Le dernier point commun est bien évidement musical. On passera sur la musicalité de la langue lovecraftienne que Houellebecq a magnifiquement mis en lumière dans son essai. On n’insistera pas plus sur la brillante contribution de H.P. Lovecraft au mouvement psychédélique des années soixante, ni sur le fait que les deux albums évoqués furent publier sur le label Philips !!! Posons-nous sur l’une des nouvelles de Lovecraft, celle qui a sa préférence, La musique d’Erich Zann. Cette dernière raconte l’histoire d’un jeune étudiant, sans le sou, contraint de se loger dans l’immeuble presque vide d’un quartier délaissé de sa ville. Là, il fait la rencontre de son unique voisin, Erich Zann, vieillard muet qui joue de la viole la nuit durant. A force de le côtoyer et de discuter, le musicien allemand lui livre un terrible secret. Les mélodies extraordinaires, jamais entendues auparavant – on songe alors à la musique de la formation psychédélique chicagoane –, viennent d’un monde étranger au nôtre. Pire, il joue ces notes afin de tenir éloignées des créatures hideuses, échappées d’une autre dimension. Le parallèle entre l’écrivain et le groupe prend ainsi tout son sens. Pour le cas de Houellebecq qui fut d’abord poète tout comme Lovecraft, ses vers ont été mis en musique par Bertrand Burgalat le temps d’un album qui a fait date : Présence Humaine, sorti en 2000. 

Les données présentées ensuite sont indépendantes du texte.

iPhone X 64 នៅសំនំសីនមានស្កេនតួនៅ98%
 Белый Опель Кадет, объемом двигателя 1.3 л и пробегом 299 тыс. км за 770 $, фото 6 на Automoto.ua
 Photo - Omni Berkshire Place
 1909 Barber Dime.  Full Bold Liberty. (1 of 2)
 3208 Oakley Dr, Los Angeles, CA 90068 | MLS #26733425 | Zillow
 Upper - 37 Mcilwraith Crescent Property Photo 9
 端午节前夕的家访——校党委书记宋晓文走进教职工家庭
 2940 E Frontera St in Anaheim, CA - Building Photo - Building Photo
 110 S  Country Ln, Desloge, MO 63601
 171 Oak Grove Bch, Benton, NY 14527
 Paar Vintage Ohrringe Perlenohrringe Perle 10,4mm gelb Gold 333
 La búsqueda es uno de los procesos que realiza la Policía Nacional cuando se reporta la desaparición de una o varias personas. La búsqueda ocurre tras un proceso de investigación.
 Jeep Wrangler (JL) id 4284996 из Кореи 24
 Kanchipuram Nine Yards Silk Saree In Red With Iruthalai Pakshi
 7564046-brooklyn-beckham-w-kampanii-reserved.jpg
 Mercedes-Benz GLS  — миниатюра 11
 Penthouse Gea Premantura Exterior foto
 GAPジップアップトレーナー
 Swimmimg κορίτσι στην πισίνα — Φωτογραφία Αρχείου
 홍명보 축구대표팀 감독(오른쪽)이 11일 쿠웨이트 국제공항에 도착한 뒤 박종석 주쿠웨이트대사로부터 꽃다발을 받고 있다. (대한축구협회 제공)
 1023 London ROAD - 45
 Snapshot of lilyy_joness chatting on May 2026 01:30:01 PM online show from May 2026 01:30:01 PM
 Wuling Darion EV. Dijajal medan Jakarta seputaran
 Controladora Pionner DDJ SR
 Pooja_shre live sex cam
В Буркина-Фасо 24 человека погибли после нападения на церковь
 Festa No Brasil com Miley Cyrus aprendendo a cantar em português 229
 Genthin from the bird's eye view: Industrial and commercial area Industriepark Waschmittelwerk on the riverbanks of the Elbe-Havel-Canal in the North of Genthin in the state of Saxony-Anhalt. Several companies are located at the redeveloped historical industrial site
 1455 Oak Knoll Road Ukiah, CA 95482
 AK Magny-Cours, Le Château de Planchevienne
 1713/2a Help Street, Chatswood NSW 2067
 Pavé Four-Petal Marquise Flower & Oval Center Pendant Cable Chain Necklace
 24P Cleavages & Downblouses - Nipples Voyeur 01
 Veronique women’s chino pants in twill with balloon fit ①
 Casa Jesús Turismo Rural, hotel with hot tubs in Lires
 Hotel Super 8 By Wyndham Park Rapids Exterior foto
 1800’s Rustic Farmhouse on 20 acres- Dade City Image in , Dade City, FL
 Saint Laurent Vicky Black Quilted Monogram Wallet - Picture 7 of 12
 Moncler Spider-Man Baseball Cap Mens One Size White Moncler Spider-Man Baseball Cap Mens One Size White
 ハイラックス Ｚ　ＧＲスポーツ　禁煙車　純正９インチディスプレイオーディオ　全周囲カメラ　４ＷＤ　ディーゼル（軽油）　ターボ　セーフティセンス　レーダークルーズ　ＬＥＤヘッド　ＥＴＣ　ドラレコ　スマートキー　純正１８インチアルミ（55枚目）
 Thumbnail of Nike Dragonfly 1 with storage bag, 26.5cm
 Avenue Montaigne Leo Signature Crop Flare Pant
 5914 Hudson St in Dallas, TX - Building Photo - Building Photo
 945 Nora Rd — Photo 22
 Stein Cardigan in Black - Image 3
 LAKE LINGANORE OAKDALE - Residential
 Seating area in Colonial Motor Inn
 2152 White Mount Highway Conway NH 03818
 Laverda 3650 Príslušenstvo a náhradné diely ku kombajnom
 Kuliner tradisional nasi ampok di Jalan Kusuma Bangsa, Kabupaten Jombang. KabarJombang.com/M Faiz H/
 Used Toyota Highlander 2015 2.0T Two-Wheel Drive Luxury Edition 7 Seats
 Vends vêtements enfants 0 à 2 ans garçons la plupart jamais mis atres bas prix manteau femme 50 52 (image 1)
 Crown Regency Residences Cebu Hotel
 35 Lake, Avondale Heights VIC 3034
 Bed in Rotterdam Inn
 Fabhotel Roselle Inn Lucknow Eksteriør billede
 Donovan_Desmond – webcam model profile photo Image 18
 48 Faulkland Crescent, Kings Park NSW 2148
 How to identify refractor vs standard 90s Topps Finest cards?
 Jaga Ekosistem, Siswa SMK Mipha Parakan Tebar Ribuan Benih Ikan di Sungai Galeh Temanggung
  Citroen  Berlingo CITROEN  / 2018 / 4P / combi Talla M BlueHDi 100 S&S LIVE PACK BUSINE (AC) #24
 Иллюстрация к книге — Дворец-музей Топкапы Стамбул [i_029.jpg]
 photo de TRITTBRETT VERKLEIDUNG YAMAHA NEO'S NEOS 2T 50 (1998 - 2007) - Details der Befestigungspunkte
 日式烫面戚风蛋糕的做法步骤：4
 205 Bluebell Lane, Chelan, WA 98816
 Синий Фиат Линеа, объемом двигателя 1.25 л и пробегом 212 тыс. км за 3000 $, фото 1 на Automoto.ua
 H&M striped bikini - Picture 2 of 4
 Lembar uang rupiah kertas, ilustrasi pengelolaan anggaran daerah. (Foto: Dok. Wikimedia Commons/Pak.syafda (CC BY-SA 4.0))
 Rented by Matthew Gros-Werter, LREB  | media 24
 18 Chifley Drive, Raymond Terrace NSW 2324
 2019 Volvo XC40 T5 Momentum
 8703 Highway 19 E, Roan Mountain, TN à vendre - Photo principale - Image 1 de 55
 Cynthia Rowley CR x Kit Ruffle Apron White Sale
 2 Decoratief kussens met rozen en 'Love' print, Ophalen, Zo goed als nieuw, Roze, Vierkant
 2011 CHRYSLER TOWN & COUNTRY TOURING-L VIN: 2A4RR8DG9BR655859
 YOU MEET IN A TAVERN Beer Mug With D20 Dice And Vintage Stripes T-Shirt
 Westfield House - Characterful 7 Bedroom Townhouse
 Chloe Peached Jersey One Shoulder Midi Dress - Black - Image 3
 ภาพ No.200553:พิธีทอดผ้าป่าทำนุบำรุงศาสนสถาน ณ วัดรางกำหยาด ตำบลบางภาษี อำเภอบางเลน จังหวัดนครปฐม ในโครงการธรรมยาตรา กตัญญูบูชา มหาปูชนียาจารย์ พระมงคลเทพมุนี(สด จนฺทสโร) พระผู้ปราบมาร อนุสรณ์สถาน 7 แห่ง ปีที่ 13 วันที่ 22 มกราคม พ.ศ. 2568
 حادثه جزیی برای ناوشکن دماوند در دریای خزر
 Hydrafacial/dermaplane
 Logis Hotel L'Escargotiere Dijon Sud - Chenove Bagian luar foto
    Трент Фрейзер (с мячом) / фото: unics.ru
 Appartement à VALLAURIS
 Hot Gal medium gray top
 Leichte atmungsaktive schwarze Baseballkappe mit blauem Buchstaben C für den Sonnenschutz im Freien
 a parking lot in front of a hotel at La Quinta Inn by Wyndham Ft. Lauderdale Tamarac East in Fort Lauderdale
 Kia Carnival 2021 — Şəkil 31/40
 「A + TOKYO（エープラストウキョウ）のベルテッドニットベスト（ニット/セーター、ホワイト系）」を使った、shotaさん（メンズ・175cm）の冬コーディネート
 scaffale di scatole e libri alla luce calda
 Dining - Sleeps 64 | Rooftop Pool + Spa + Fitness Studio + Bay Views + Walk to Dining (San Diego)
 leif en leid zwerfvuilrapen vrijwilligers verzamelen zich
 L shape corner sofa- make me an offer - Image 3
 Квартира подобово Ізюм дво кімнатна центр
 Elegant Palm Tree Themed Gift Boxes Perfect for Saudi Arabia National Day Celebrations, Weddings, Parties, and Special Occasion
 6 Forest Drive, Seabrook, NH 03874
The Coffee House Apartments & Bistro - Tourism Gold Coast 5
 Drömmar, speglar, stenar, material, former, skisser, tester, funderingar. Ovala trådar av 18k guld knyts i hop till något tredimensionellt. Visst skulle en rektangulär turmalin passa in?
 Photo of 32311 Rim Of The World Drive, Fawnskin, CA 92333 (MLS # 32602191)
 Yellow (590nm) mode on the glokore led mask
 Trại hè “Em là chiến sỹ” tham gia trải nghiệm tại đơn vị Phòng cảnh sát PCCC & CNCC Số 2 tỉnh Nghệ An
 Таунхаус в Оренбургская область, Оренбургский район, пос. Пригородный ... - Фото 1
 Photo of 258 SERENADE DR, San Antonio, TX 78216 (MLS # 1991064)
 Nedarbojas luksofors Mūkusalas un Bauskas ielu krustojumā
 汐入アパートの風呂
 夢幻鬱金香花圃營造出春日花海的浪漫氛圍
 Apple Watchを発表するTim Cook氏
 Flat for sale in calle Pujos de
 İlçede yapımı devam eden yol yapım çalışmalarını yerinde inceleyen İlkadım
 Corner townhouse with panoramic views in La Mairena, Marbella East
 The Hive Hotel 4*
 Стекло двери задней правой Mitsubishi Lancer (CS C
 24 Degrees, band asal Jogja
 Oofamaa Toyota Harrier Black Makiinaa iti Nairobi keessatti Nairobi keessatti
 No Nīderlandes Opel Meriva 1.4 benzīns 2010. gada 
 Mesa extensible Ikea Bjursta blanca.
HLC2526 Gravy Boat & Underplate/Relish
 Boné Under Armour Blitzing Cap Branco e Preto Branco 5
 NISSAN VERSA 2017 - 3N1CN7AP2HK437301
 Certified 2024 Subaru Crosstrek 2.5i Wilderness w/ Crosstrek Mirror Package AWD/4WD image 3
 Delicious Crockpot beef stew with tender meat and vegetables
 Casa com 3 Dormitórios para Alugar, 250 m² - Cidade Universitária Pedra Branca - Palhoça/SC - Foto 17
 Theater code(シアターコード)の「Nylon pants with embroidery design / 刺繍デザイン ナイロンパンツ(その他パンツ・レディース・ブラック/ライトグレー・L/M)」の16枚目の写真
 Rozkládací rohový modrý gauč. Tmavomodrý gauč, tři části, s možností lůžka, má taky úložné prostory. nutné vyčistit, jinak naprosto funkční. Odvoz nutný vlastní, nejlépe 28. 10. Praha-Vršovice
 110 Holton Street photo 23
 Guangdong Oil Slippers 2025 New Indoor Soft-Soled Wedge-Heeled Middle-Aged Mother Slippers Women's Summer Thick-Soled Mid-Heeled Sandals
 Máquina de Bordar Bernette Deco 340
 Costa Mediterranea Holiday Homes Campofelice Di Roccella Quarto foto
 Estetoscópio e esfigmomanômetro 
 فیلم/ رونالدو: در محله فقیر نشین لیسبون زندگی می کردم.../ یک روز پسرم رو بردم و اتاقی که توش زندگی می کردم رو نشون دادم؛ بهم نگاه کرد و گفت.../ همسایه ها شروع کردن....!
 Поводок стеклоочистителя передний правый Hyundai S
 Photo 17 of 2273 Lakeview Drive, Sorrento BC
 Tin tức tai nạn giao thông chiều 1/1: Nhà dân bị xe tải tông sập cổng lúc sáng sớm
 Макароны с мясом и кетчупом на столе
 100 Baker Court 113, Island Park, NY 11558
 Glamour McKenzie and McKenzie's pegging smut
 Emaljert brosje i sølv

Lovecraft disait, dans une lettre adressée à Frank Belknap Long, le 8 février 1922 : « Je n’essaie jamais d’écrire une histoire, mais j’attends qu’une histoire ait besoin d’être écrite. Quand je me mets délibérément au travail pour écrire un conte, le résultat est plat et de qualité inférieure. » On imagine le groupe du même nom se laissant guider par son inspiration – et par les drogues –, créant ces architectures mélodiques dilatées par la seule loi de l’audace propre au genre, épaulé par un instrumentarium idéal – le duo orgue-guitare – et par une batterie d’effets. On songe de même à Houellebecq attendant qu’une nouvelle idée surgisse, déjouant les pronostics de la critique et l’attente du public. Howard Philip, Michel Houellebecq avec un H. Comme harmonie.